NAME

NNexus::Index::Dispatcher - High-level dispatcher to the correct domain indexer classes.

SYNOPSIS

use NNexus::Index::Dispatcher; my $dispatcher = NNexus::Index::Dispatcher->new(db=>$db,domain=>$domain,verbosity=>0|1); my $invalidated_URLs = $dispatcher->index_step(%options); while (my $payload = $dispatcher->index_step ) { push @$invalidated_URLs, @{$payload}; }

DESCRIPTION

The NNexus::Dispatcher class provides a comprehensive high-level API for indexing web domains.

It requires that each $domain has its own NNexus::Index::$domain indexer plug-in, that follows a ucfirst(lc($domain)) naming convention.

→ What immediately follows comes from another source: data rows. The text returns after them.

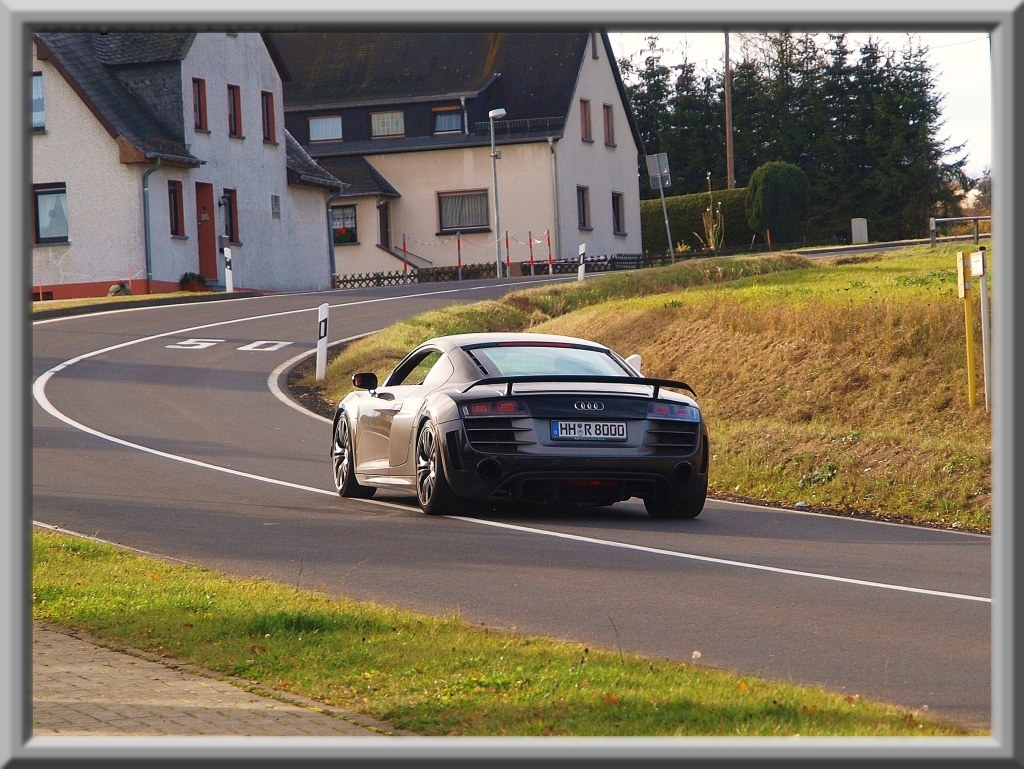 255035R8GT236ESQUIROU.jpg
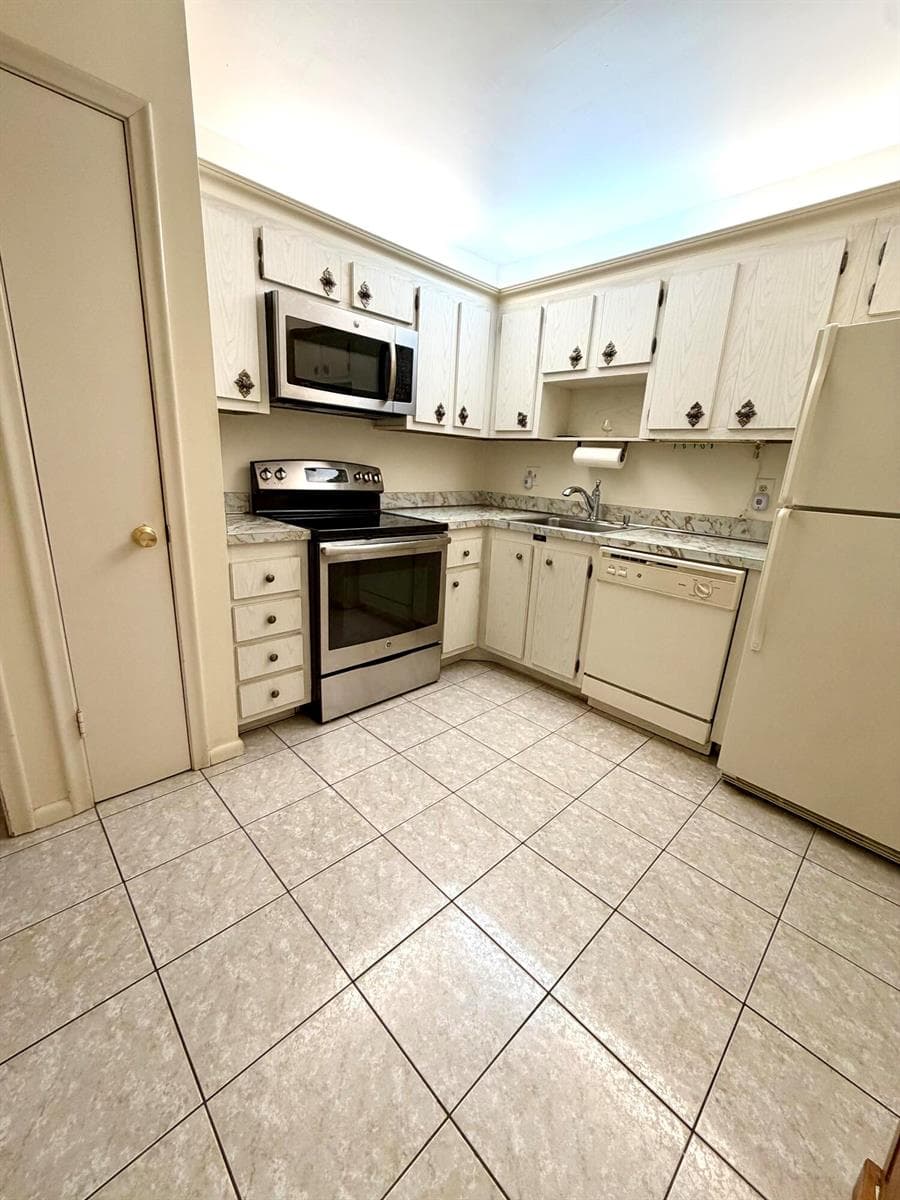 4740 NW 21st Street # 311, Lauderhill, FL 33313 photo 5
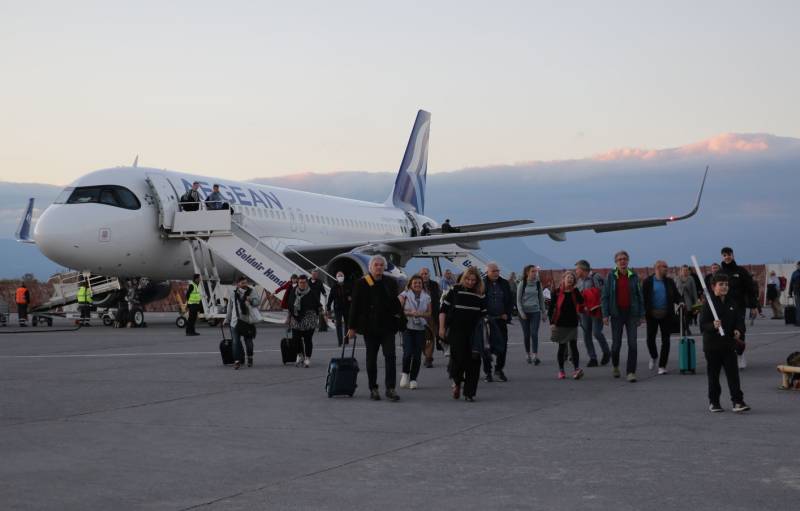 Γερμανοί οι πρώτοι τουρίστες για φέτος στο αεροδρόμιο Καλαμάτας (βίντεο)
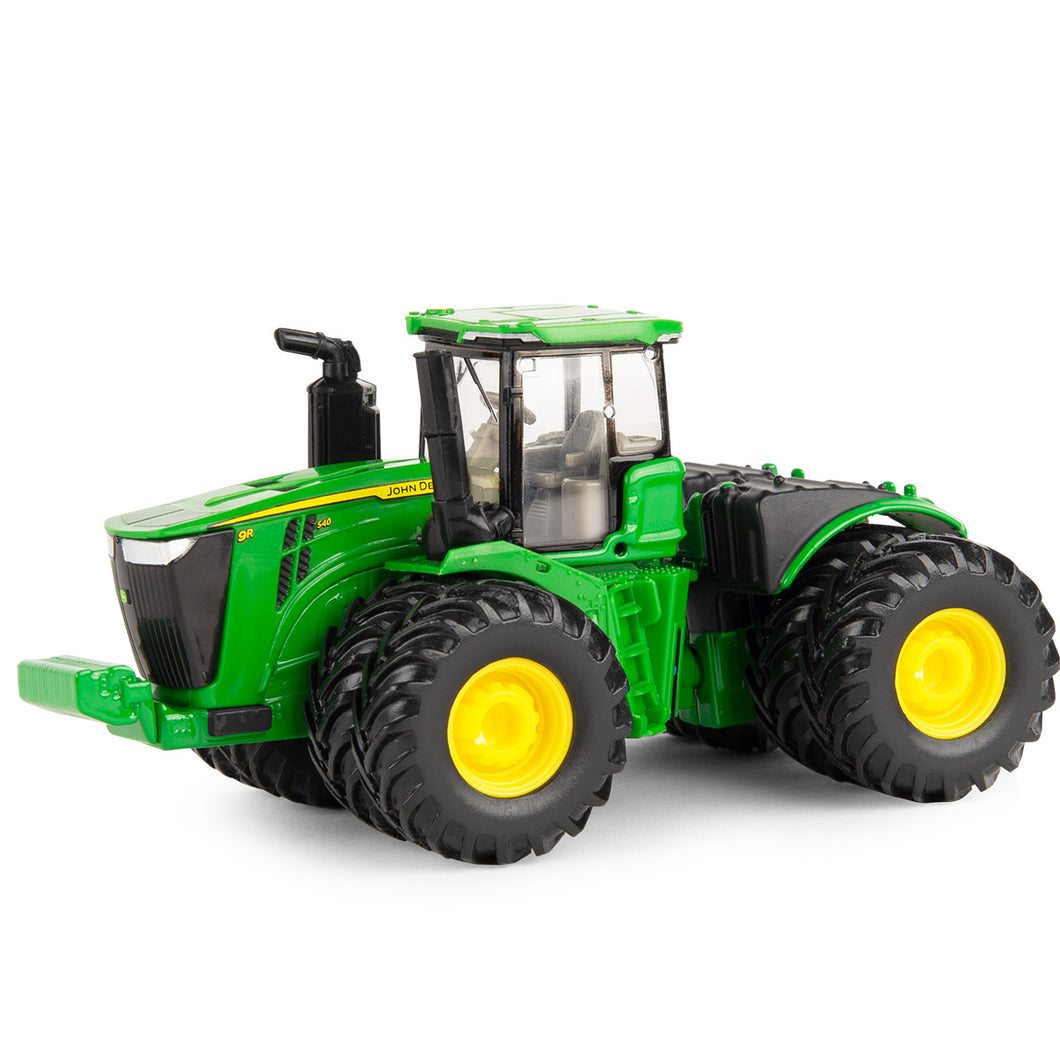 Die-cast tractor with front and back duals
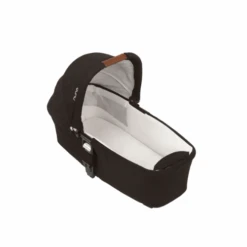 Nuna Mixx™ Carry Cot Caviar -Stokke Store 89 cfb6d215 eac0 4775 a143 296d08f81c64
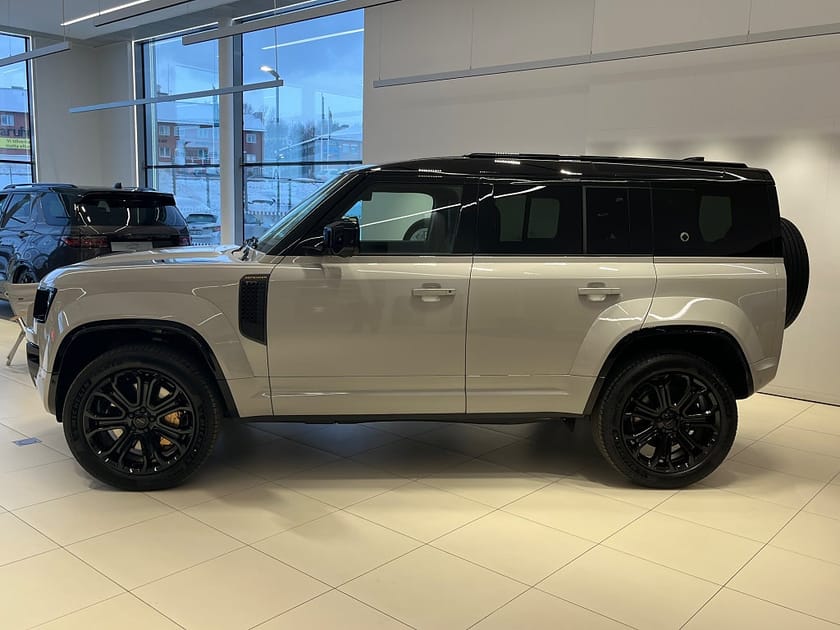 Bild 2 av Land Rover Defender Octa P635 V8 *OMGÅENDE LEVERANS*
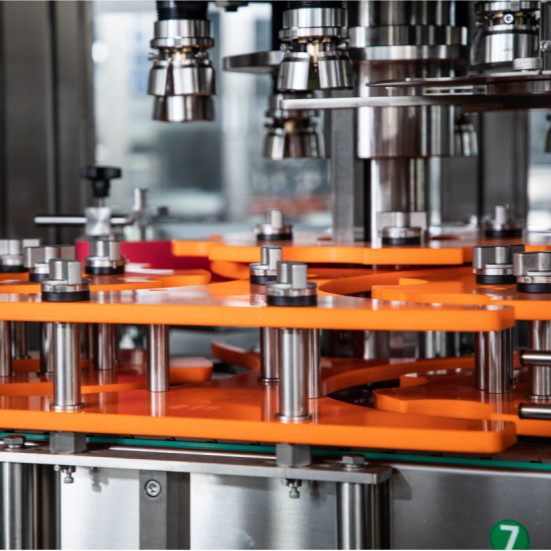 6500 BPH Ротационный тип Автоматическая капсуляционная машина 80 мл-1000 мл с 6 головками капсулы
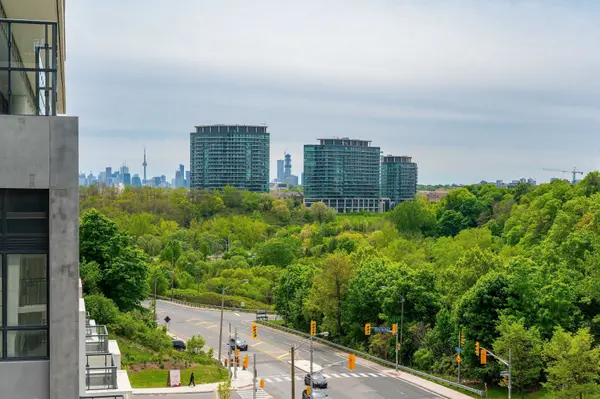 Toronto C13, ON M3C 4G3,1101 Leslie ST #403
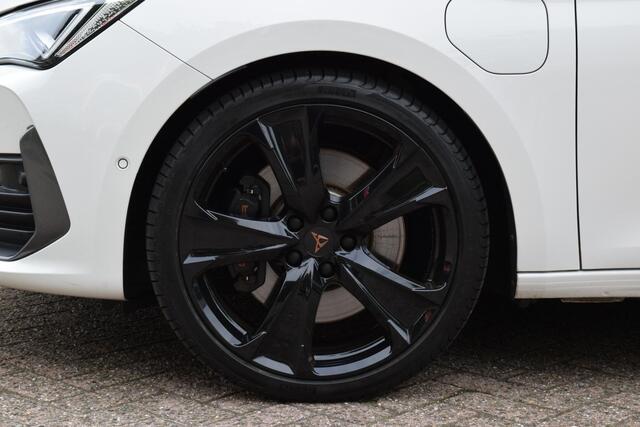 Cupra Leon Sportstourer 1.4 e-Hybrid VZ Adrenaline|19"|Camera|Trekhaak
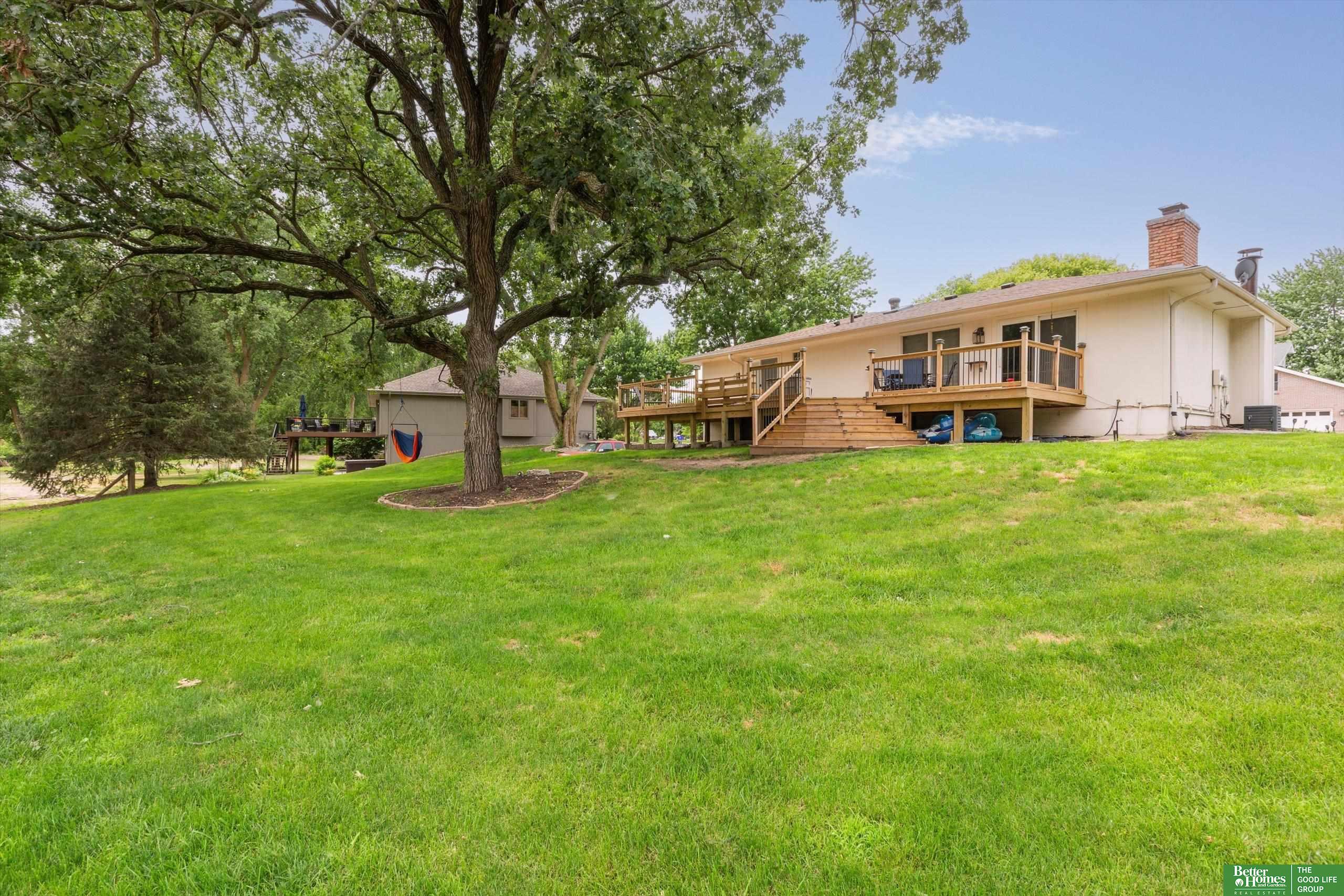 255 Riverside Drive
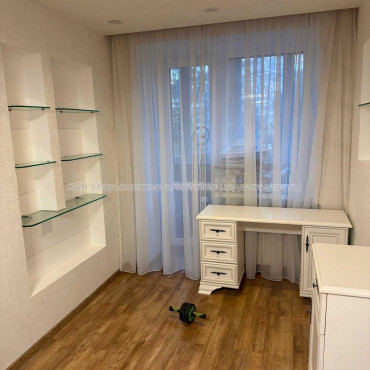 Продам квартиру, Каденюка ул. , 6 , 3 кім., 70 м², евроремонт 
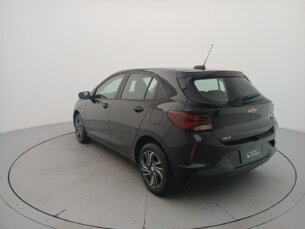 Foto 3 - Chevrolet Onix Onix 1.0 LT manual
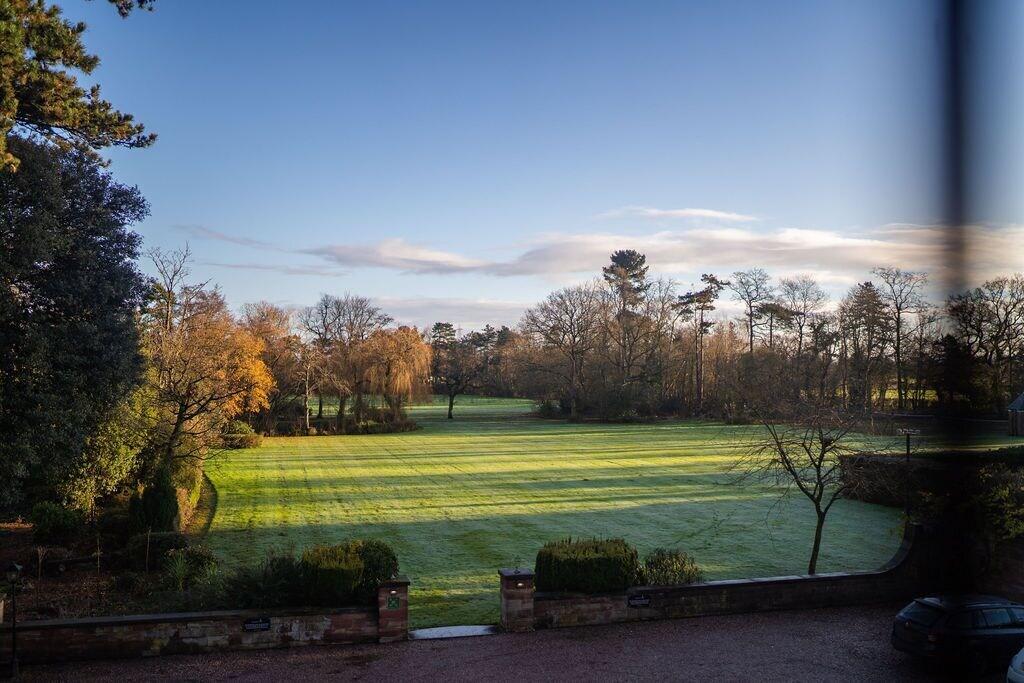 Inglewood Manor Hotel Ledsham  ภายนอก รูปภาพ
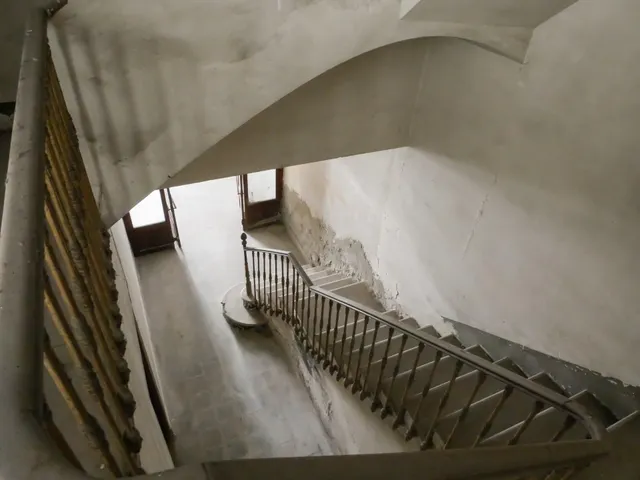 PALACETE HISTÓRICO DE 1900 EN EL CENTRO DE ALBERIC – 14 habitaciones, JARDINES Y GRAN POTENCIAL — 32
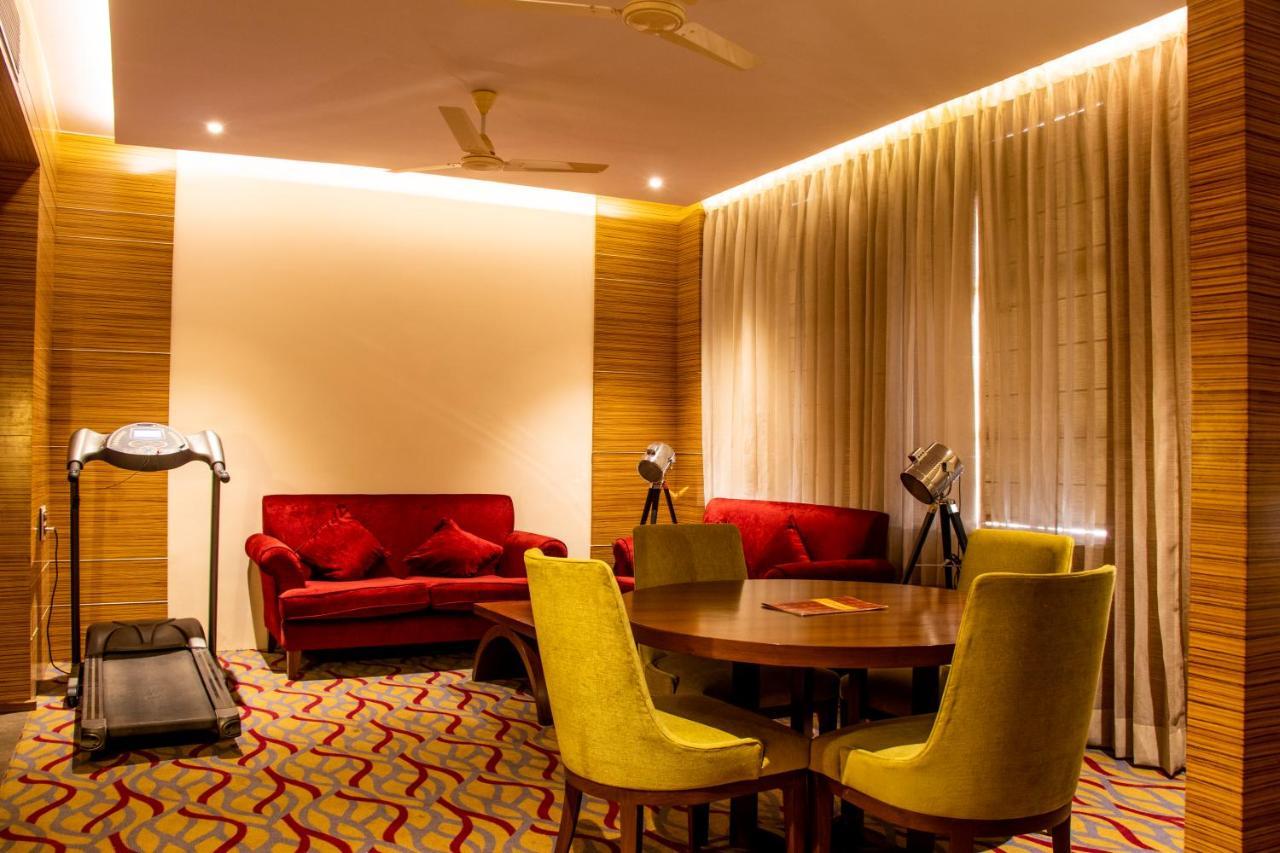 Hotel Landmark Rewa Esterno foto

Additionally, NNexus::Index::Dispatcher computes the concept diffs when re-indexing, an already visited page and updates the database as needed. Lastly, the return value of an indexing step is a list of suggested URLs to be relinked, a process called "invalidation" in previous NNexus releases.

METHODS

my $dispatcher = NNexus::Index::Dispatcher->new(domain=>$domain,db=>$db,$verbosity=>0|1, start=>$url, dom=>$dom);

The object constructor prepares a domain crawler object ( NNexus::Index::ucfirst(lc($domain)) ) and requires a NNexus::DB object, $db, for database interactions.

The returned dispatcher object can be used to iteratively index the domain, via the index_step method.

The method accepts the following options: - start - the initial URL, required for first invocation - dom - optional, provides a Mojo::DOM object for the current URL instead of performing an HTTP GET to retrieve it. - verbosity - 0 for quiet, 1 for detailed progress messages

my $invalidated_URLs = $dispatcher->index_step(%options);

Performs an indexing step by: - dispatches a crawl request to the domain indexer - computes a diff over the previously and currently indexed concepts for the given object/URL - updates the Database tables - Computes and returns an impact graph of previously linked objects (aka "invalidation")

Accepts no options, all customization is to be achieved through the "new" constructor.

AUTHOR

Deyan Ginev <d.ginev@jacobs-university.de>

COPYRIGHT

Research software, produced as part of work done by the KWARC group at Jacobs University Bremen. Released under the The MIT License (MIT)